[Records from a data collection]
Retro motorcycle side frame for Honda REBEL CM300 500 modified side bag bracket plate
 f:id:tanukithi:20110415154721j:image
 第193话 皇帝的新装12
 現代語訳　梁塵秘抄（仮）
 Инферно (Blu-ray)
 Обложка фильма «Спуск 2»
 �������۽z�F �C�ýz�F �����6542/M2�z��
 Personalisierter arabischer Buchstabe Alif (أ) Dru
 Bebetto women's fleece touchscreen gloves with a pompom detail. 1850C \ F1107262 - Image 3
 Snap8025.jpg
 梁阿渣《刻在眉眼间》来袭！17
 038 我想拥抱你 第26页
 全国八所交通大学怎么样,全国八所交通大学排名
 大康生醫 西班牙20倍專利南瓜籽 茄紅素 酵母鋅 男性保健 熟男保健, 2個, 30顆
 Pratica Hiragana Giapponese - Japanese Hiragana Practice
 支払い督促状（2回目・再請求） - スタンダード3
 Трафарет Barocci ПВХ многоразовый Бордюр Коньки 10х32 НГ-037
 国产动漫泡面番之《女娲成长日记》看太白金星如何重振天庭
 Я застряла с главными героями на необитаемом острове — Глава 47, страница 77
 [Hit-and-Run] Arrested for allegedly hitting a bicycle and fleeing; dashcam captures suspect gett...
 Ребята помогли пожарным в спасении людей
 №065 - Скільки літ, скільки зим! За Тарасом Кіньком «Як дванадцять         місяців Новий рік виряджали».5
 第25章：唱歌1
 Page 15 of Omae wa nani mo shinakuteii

**What is needed:** The response should be the lines from the one containing "Я застряла с" through the last line of the data, set down exactly and with no other line.

**Exercise answer:**
 Я застряла с главными героями на необитаемом острове — Глава 47, страница 77
 [Hit-and-Run] Arrested for allegedly hitting a bicycle and fleeing; dashcam captures suspect gett...
 Ребята помогли пожарным в спасении людей
 №065 - Скільки літ, скільки зим! За Тарасом Кіньком «Як дванадцять         місяців Новий рік виряджали».5
 第25章：唱歌1
 Page 15 of Omae wa nani mo shinakuteii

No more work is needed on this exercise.